Though these parallelism methods are orthogonal to one another, it is still a challenging task to combine them. Moreover, though a certain scheme may make the model fit, it may be terribly inefficient. The problem of taking a model and cluster configuration as input and producing a good grouping of replicas to maximise performance is an art in and of itself. It remains still an active area of research. One such method is Alpa by Google research which has a framework built around Jax here.

### Conclusion#

Unless something tremendously dramatic happens in deep learning research, very large models are here to stay. Therefore, at least being aware of these techniques will become a fact of life for most AI engineers. Even if the interfaces become very clean in the future (so engineers can just fire-and-forget) there will be still a benefit in knowing how things word under the hood, just like the benefits gained from studying anything we take for granted now.
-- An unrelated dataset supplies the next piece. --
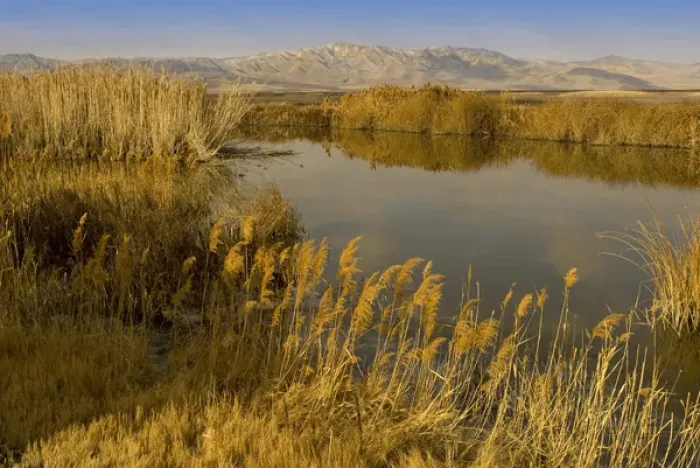 Framed Print : ditch reed, common reed, Phragmites communis, and Bear River, Bear River Migratory Framed Print : ditch reed, common reed, Phragmites communis, and Bear River, Bear River Migratory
I am still a beginner in this topic and had never deeply explored before starting my job. Luckily for me I found it very interesting, albeit a little annoying to work with versus working with a single device. There is also a bit of a cognitive shift required to move from a serial execution world, where most people start from, to a massively parallel world, where we are going. Same goes for simply handling such large models: from longer load times to slower development loops to simply comprehending that “if we split the parameters of Bloom among every human being, each one would get 22 parameters”. However, the difficulty is worth it to better understand how large behemoths like GPT-3 are orchestrated.

In the future and as I gain more experience, I would like to dive into further detail about specific methods mentioned here and those yet-to-come. However for now, and given my current experience level, I simply hope this post can help you gain a high-level understanding of the methods currently available to us in deep learning system parallelism.